En donnant l'alerte, "il a mis sa carrière en jeu à cause de ses inquiétudes pour les utilisateurs de Twitter, le public et les actionnaires", affirment-ils.
- "Château de cartes" -
"Ceux de l'industrie qui connaissent Mudge savent que, historiquement, ses intentions ont été honorables, apolitiques et bienveillantes", assure Andrew Hay, directeur des opérations du cabinet de consultants en cybersécurité Lares Consulting.
Fin juin, Twitter a accepté de payer plus de 7 millions de dollars d'indemnités de licenciement à Peiter Zatko.
D'après le Wall Street Journal, il a signé un accord de confidentialité qui ne couvre pas une éventuelle intervention en tant que lanceur d'alerte.
Quelques jours plus tard, l'ingénieur envoie son rapport aux autorités où il évoque directement les questions posées par Elon Musk sur les comptes automatisés. Il mentionne des déclarations "trompeuses" de Parag Agrawal et affirme que les outils de Twitter sont "datés" et les équipes "débordées" et "inefficaces".
Il dénonce aussi des "défaillances graves et choquantes (de cybersécurité), de l'ignorance volontaire et des menaces à la sécurité nationale et à la démocratie".
Des allégations dommageables, mais pas forcément rédhibitoires, d'après différents analystes.

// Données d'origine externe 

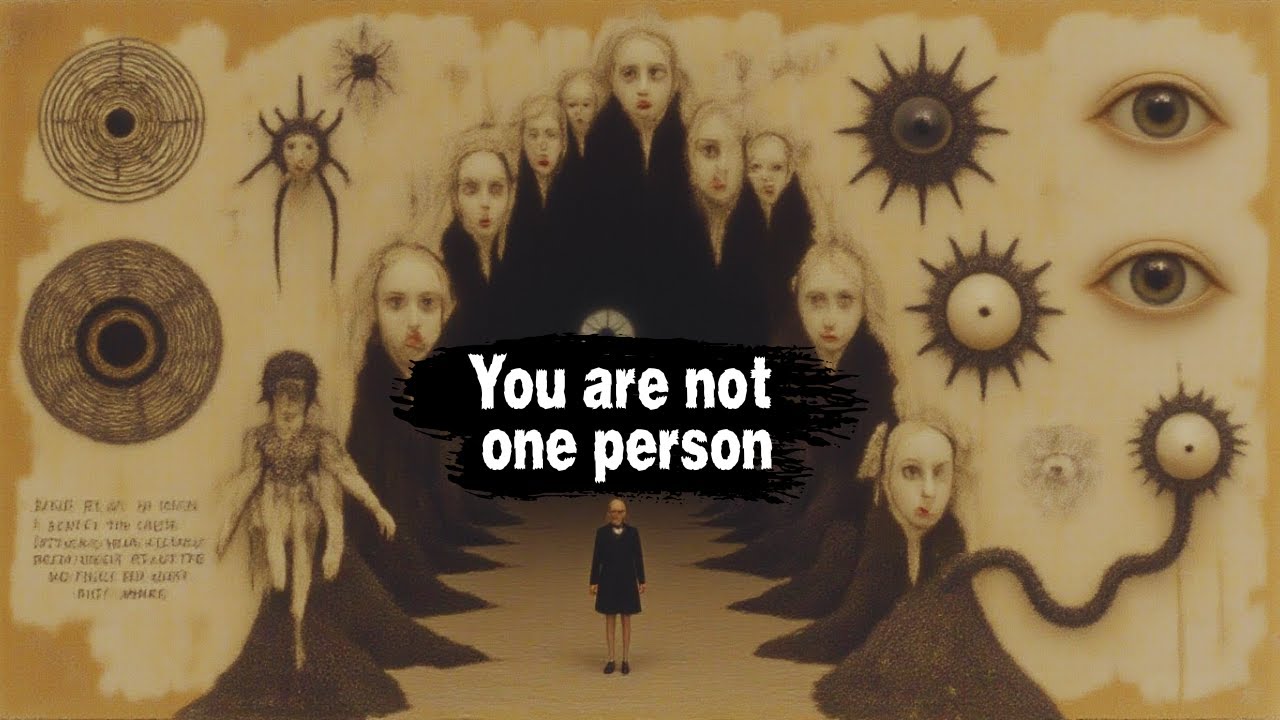 How Your Soul-Family (Sibling & Twin Flames) Shaped By Oversoul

"Ce ne sont toujours pas des preuves que Twitter a déformé les chiffres", remarque Jasmine Enberg, d'Insider Intelligence. "Cela démontre plutôt un potentiel manque d'intérêt des cadres de Twitter pour la lutte contre les bots".
Les avocats d'Elon Musk vont "essayer de prouver que Twitter a essayé de lui vendre un château de cartes en toute connaissance de cause", commente Adam Badawi, professeur de droit à l'université de Berkeley. Mais "il faudrait que ces vulnérabilités (de sécurité) soient vraiment, vraiment graves".